• **Aim of the exercise**
Repeat every entry word for word, but leave the images out of your copy.

Stored data:
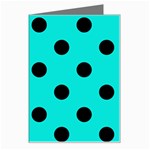 Polka Dots - Black on Bright Turquoise Greeting Card
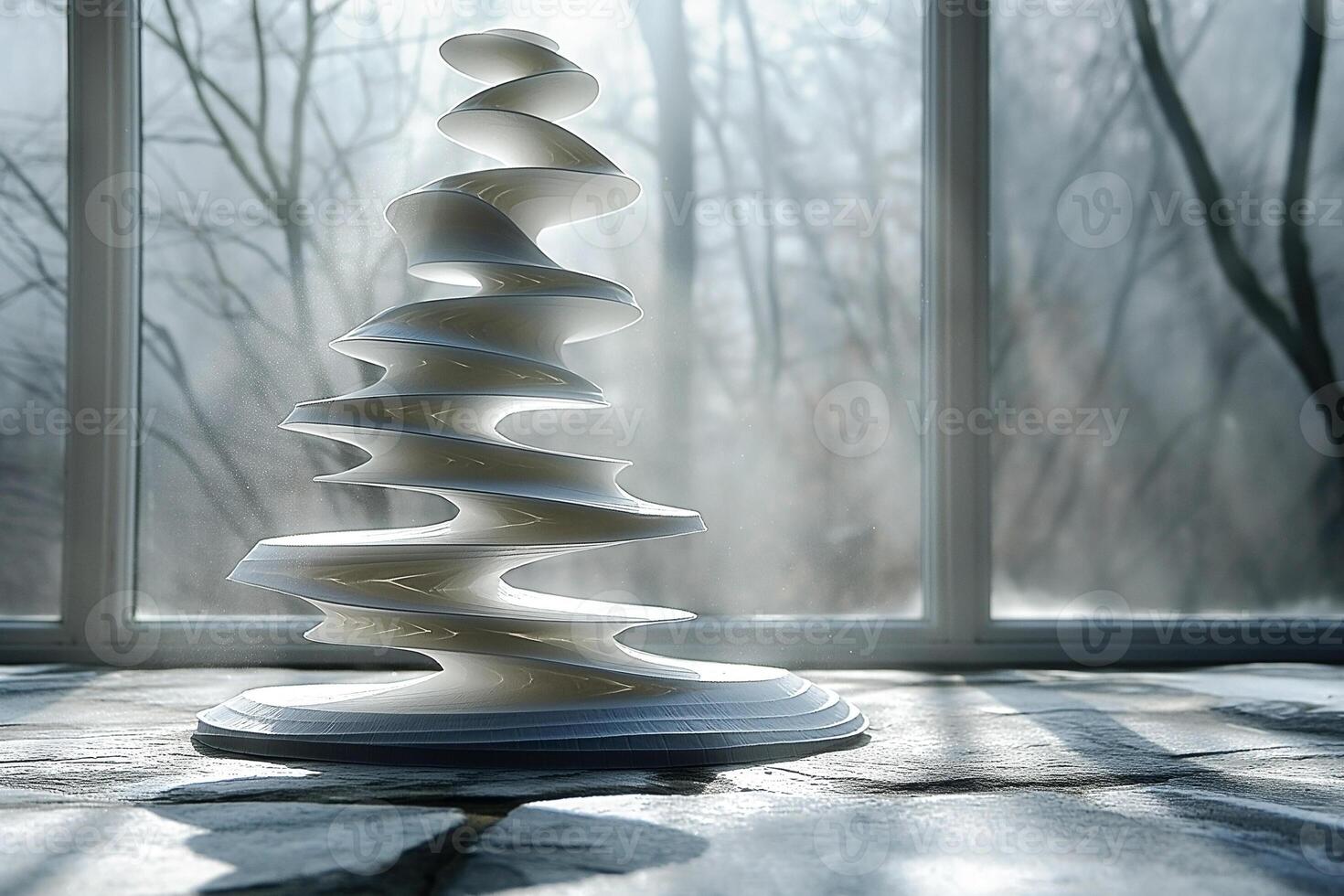 Abstract white sculpture resembling a Christmas tree, set against a misty, tranquil background of bare trees. photo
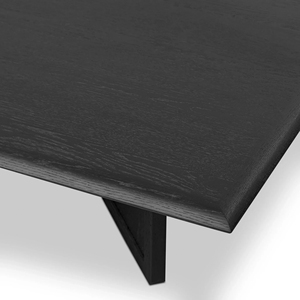Mesa de Centro Moderna Hecha a Mano con Tapa Cuadrada Negra y Base de Pedestal en Forma de Cruz con Cordón Tejido, para Sala de Estar, de Madera de Mango - Product Image 5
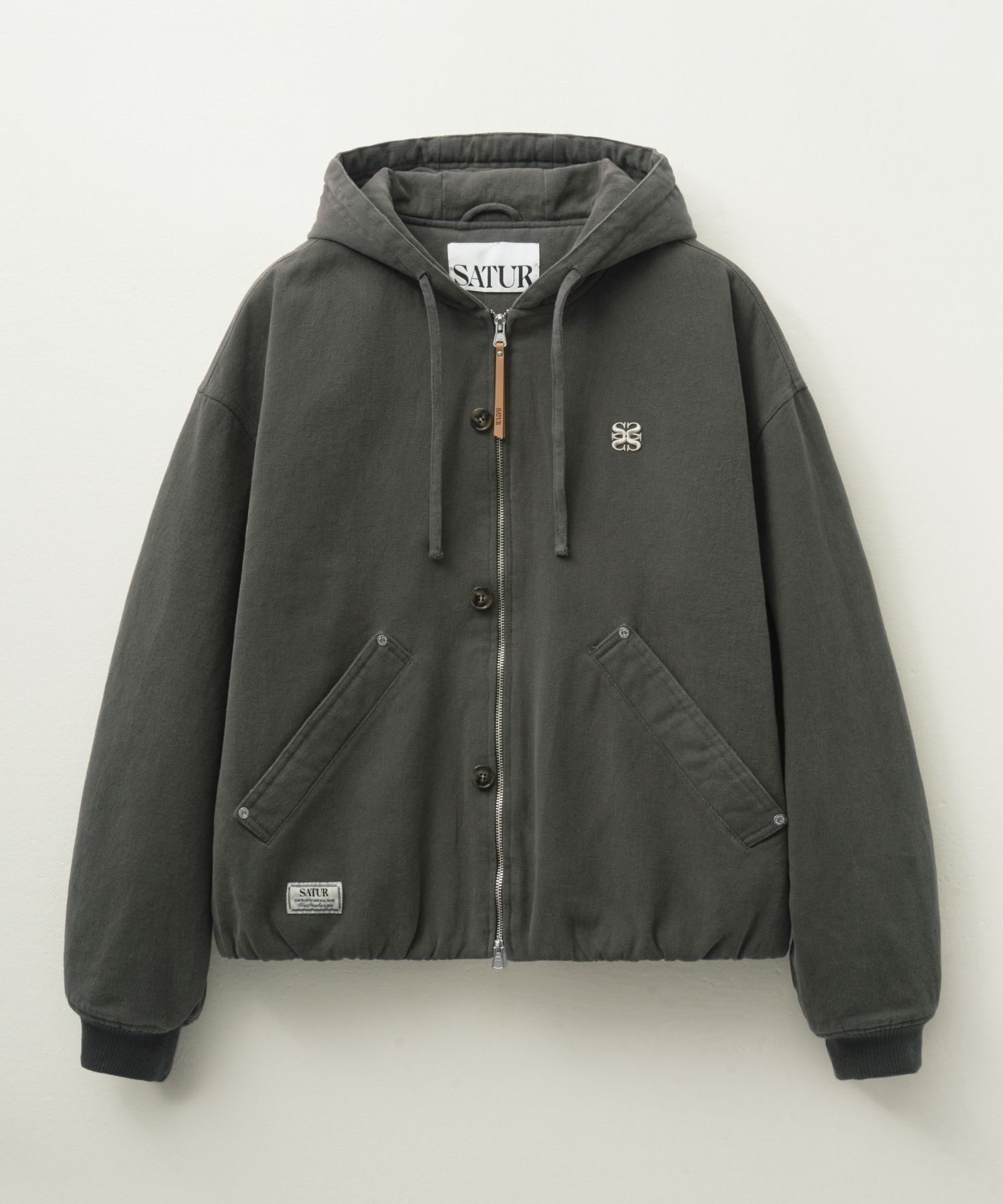 アウターその他 SATUR Theo padded hood zip-up charcoal SA243UJP02CC MUSINSA | SATUR Theo Padded Hood Zip-Up Charcoal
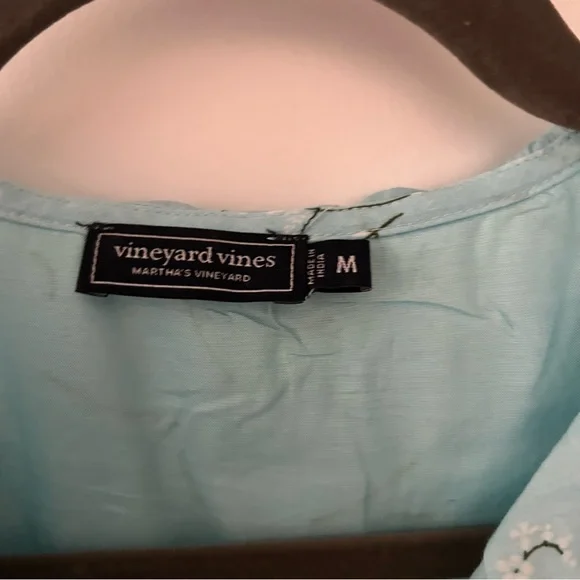 Vineyard Vines Ruffle-Neck Blouse Light Blue V neck - Picture 2 of 7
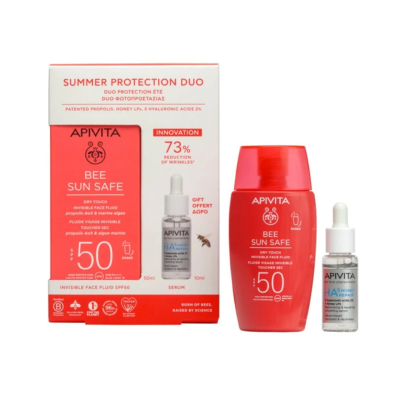 7575407 Apivita Pack Bee Sun Fluido Invisível SPF50 50ml + Sérum HA5 Honey Repair 30ml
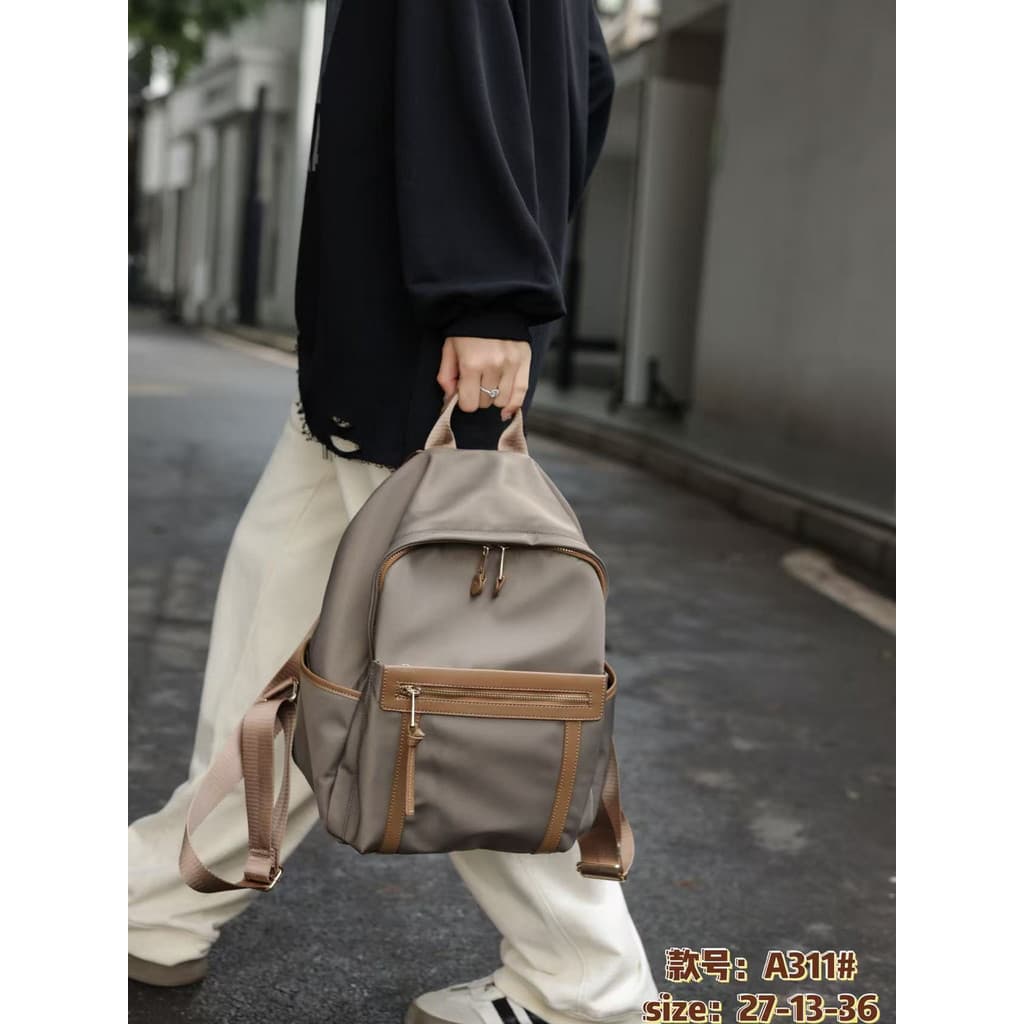 VOMAS Street Wear Primeira Camada de Couro com Pano Oxford Mochila Impermeável Lazer Leve Bolsa de Viagem Mochila Commut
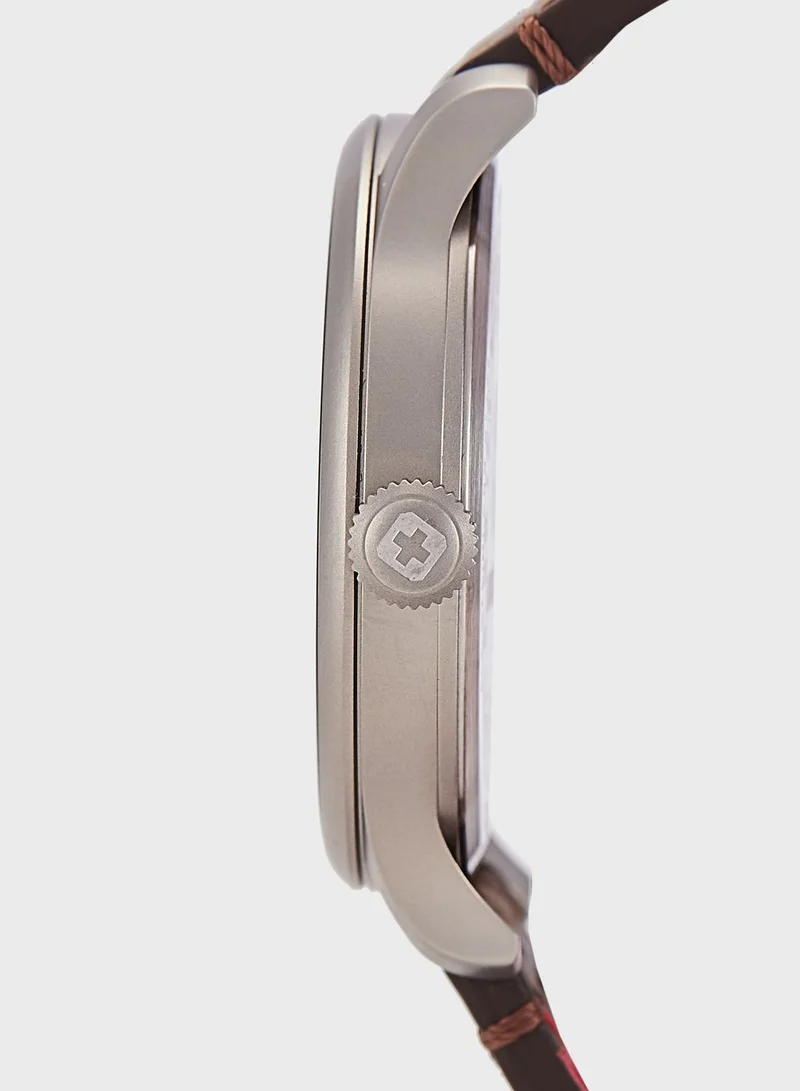 SWISS MILITARY Leather Strap Analog Watch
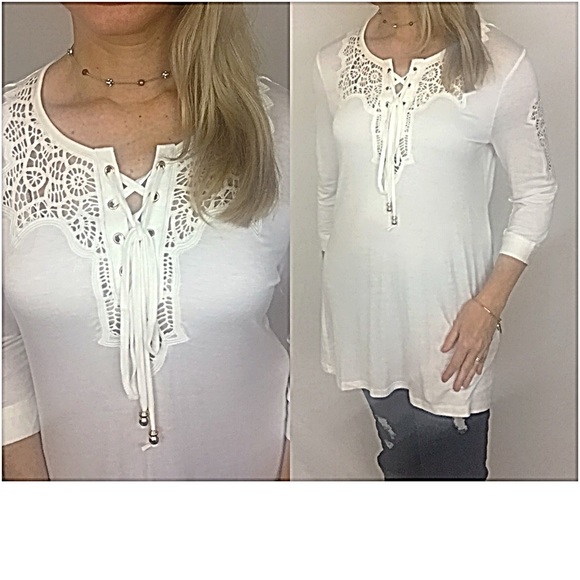 Lace Up Bohemian Chic Butter Soft  Flowy Tunic SM - Picture 3 of 8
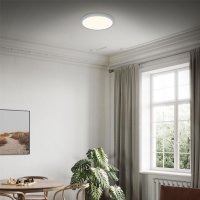 Deckenleuchte Briloner LED 24W Ø 38CM Deckenlampe Rund Aufbauleuchte 3000K Silber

• **Output of the exercise**
 Polka Dots - Black on Bright Turquoise Greeting Card
 Abstract white sculpture resembling a Christmas tree, set against a misty, tranquil background of bare trees. photo
Mesa de Centro Moderna Hecha a Mano con Tapa Cuadrada Negra y Base de Pedestal en Forma de Cruz con Cordón Tejido, para Sala de Estar, de Madera de Mango - Product Image 5
 アウターその他 SATUR Theo padded hood zip-up charcoal SA243UJP02CC MUSINSA | SATUR Theo Padded Hood Zip-Up Charcoal
 Vineyard Vines Ruffle-Neck Blouse Light Blue V neck - Picture 2 of 7
 7575407 Apivita Pack Bee Sun Fluido Invisível SPF50 50ml + Sérum HA5 Honey Repair 30ml
 VOMAS Street Wear Primeira Camada de Couro com Pano Oxford Mochila Impermeável Lazer Leve Bolsa de Viagem Mochila Commut
 SWISS MILITARY Leather Strap Analog Watch
 Lace Up Bohemian Chic Butter Soft  Flowy Tunic SM - Picture 3 of 8
 Deckenleuchte Briloner LED 24W Ø 38CM Deckenlampe Rund Aufbauleuchte 3000K Silber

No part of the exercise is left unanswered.